Shares of Chesapeake Energy Corp. posted their largest decline in more than three years as Chairman and Chief Executive Aubrey McClendon said he was "deeply sorry" for the turmoil caused by his personal financial dealings.
McClendon is under fire over investigations by Reuters into his personal financial dealings. He characterized many of the reports as "misinformation," without elaborating.
"There's been enormous and unprecedented scrutiny of our company, and of me personally. And a great deal of misinformation has been published, and uncertainty created," McClendon told analysts on an earnings conference call on Wednesday.
Chesapeake shares were down nearly 14 percent on the New York Stock Exchange in early afternoon, the stock's largest decline in more than three years.
McClendon did not offer specifics, and analysts did not press him on the Reuters reports that showed he had taken out as much as $1.1 billion in personal loans on ownership stakes in wells the company had given to him. Analysts and academics have said those stakes posed potentially serious conflicts of interest.
On Wednesday, a new Reuters investigation found that McClendon also ran a $200 million hedge fund that was registered at Chesapeake's Oklahoma City office from 2004 to 2008 and traded in the same commodities Chesapeake produces.
"Obviously there is a lot of noise going on personally with management," said Neal Dingmann, an analyst with Suntrust Robinson Humphrey, referring to the stock decline.
Investors were also likely disappointed that the company produced more low-cost natural gas than expected in the first quarter, among other factors, the analyst said.
Chesapeake said on Tuesday it would replace McClendon as chairman and bring to an early end its controversial "Founders Well Participation Program" that gave him stakes in each of the company's wells. The program will run through June 2014, ending 18 months earlier than originally planned.
Chesapeake's largest shareholder, Memphis-based Southeastern Asset Management, will be involved in the search for a nonexecutive chairman.
"We will participate in the process of finding a new nonexecutive chairman," G. Stanley Cates, Southeastern's president, said Tuesday at his fund's shareholder meeting.
"The bottom line is, there are positives and negatives of partnering with McClendon, as with anybody, and in our opinion the positives strongly outweigh the negatives, and the negatives have been very actively addressed," Cates said.
The well program has come under the scrutiny of the U.S. Securities and Exchange Commission and the Internal Revenue Service in the wake of the Reuters reports.
McClendon, who co-founded the company, also offered a rare apology for the recent controversy.
"I am deeply sorry for all the distractions of the past two weeks. Through all of this I've learned that there was a desire for more information regarding the FWP program," he said.

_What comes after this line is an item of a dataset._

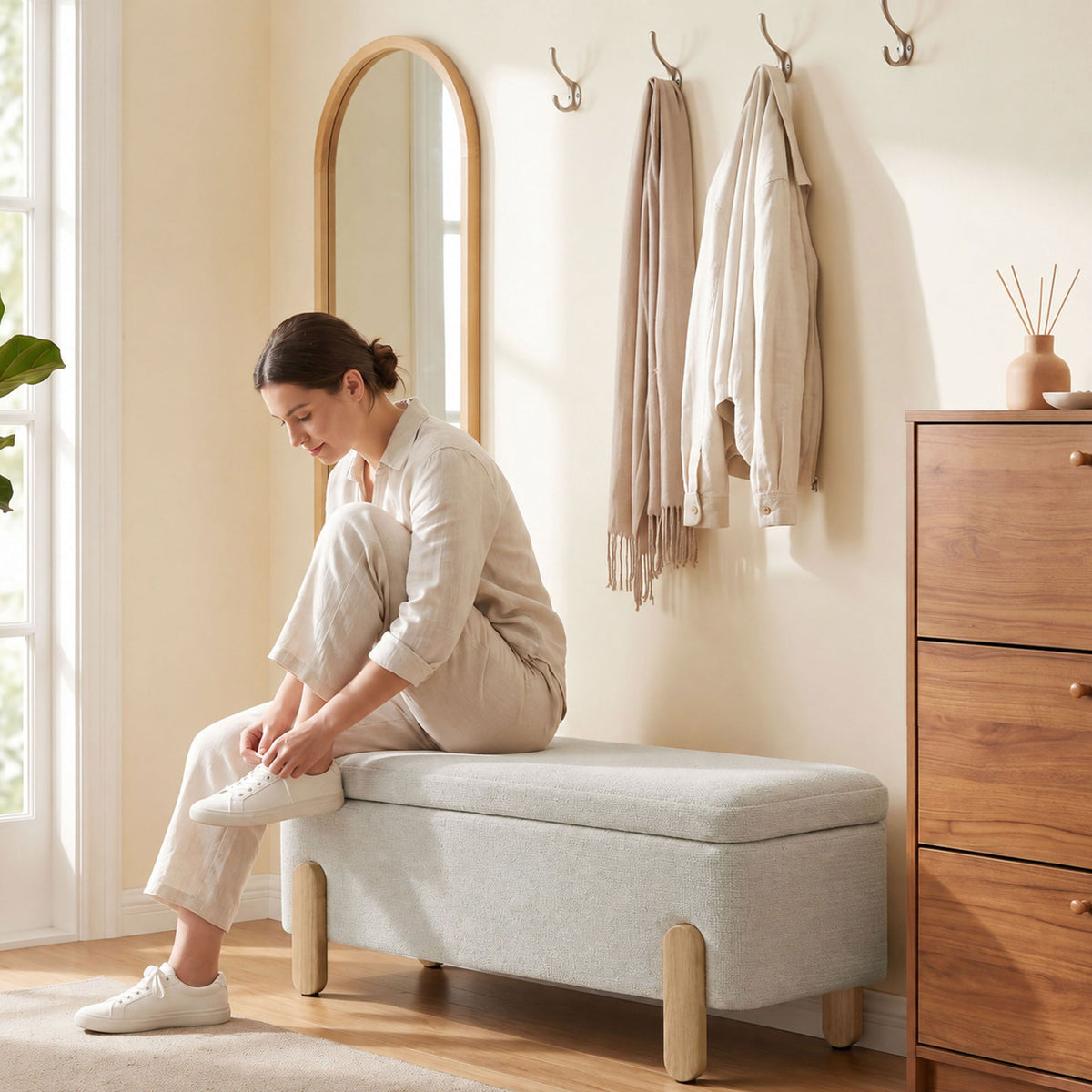 Banc Coffre de Rangement 108 cm, Bout de Lit en Chenille avec Pieds en Bois, Style Moderne, Charge Max. 220 kg, Beige-8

Chesapeake, like other natural gas producers, has suffered as prices for the fuel have tumbled to their lowest levels in a decade as output from shale fields surged, swelling inventories even as a warm winter trimmed seasonal demand.
The company said it had curtailed natural gas production during the first quarter, and it was quickly moving to increase its output of oil and other liquids.
After the market close on Tuesday, Chesapeake reported a first-quarter net loss as it took a noncash charge based on a lower market value for its hedges. Excluding items, the company earned 18 cents a share, well short of the 29 cents expected on average by analysts.
Shares of Chesapeake were down 13.5 percent at $16.96 on Wednesday afternoon on the New York Stock Exchange.